The festival opens with a "Jazz in AZ" performance tomorrow evening.
The popular showcase celebrates an original American dance form: jazz dance, which splices classical and modern dance with cool jazz.
Performed by the University of Arizona Dance Ensemble and choreographed by UA dance faculty members, "Jazz in AZ" is a public concert preceding the festival.
Dance professor and event co-director Michael Williams began the festival in 1991 when he was hired as the first UA jazz dance faculty member. Since the original performance, attendance has surged from approximately 85 people to this year's anticipated 700 or 800 audience members.

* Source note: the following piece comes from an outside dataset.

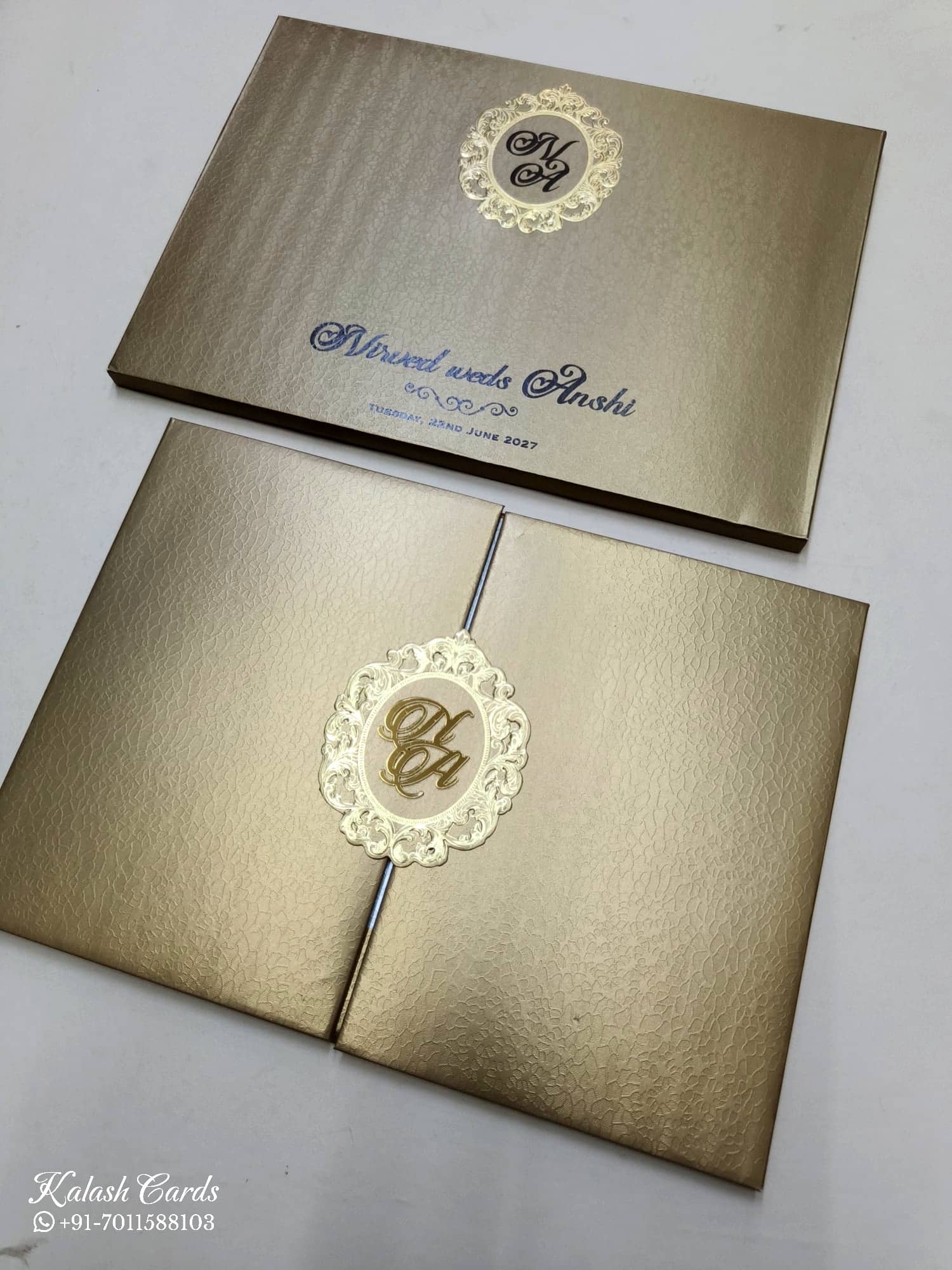 KLB721 Traditional Design Golden Color Double Door Style Hardboard Padding Thick Wedding Card (2 Page & Couple Initial Acrylic)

Although many private studios and companies stage jazz festivals, UA has one of the only collegiate programs to assemble a jazz show of this scale.
"It's very ironic. Jazz is an American art form. It belongs to us," co-director and assistant dance professor Susan Quinn said. "Yet we (Americans) were the last ones on the block to be putting it into academia."
The showcase's goals include raising jazz dance awareness, fund-raising and increasing recruitment of potential students.
Compared to classical or even modern dance, jazz dance is relatively new - not yet even 100 years old.
"Jazz dance is like a melting pot," Quinn said. "We're thieves - we steal from all different types of technique."
This festival differentiates itself from other similar showcases by creating an untraditional traditional dance competition. Instead, Williams focuses on actively inviting student and guest dancers, as opposed to forcing them to jockey for a place on the stage.
Faculty choreographers Amy Ernst, Sam Watson, working in conjunction with Quinn and Williams, promise an impressive performance. With dance pieces sampling a wide range of styles from tango to baroque to French impressionism, there should be something to please even the most persnickety audience.
Williams describes his portion of the performance's choreography as a "French female fantasy kind of thing."
If Parisian-inspired amore is not enough to arouse interest, a four-man vocal a cappella group compliments portions of the dance performance by singing renditions of two jazz-pop favorites.
Also, two internationally renowned guest dancers will perform in this year's showcase: Mia Michaels, hot off the Madonna World Tour, and Richard Havey, a visiting artistic director of a professional dance conservatory from Zurich, Switzerland.
Havey plans to import dancers from his conservatory, as well as participate in the performance. The two pieces he choreographed offer a taste of European-style modern jazz.
While Havey is a repeat festival guest with several years' experience, Michaels is a recent acquisition to the showcase's repertoire. No UA stage has ever presented the body-shaking moves of a Prince, Ricky Martin and Madonna choreographer before.
"There's nothing like her choreography," Quinn said. "You can tell her style right away. It's like Bob Fossey and Jerome Robbins."
Additionally, Michaels is using the festival to premiere a new work with an original score, which blends a ballet vocabulary with customary jazz.
Williams aims to please an audience not yet ready for a retirement community.
"We try to include a variety of jazz dance choreography that has an appeal for a young audience, such as college kids that will be hip to it," Williams said. "It's hip and cool stuff."
"I call it education entertainment," Quinn said.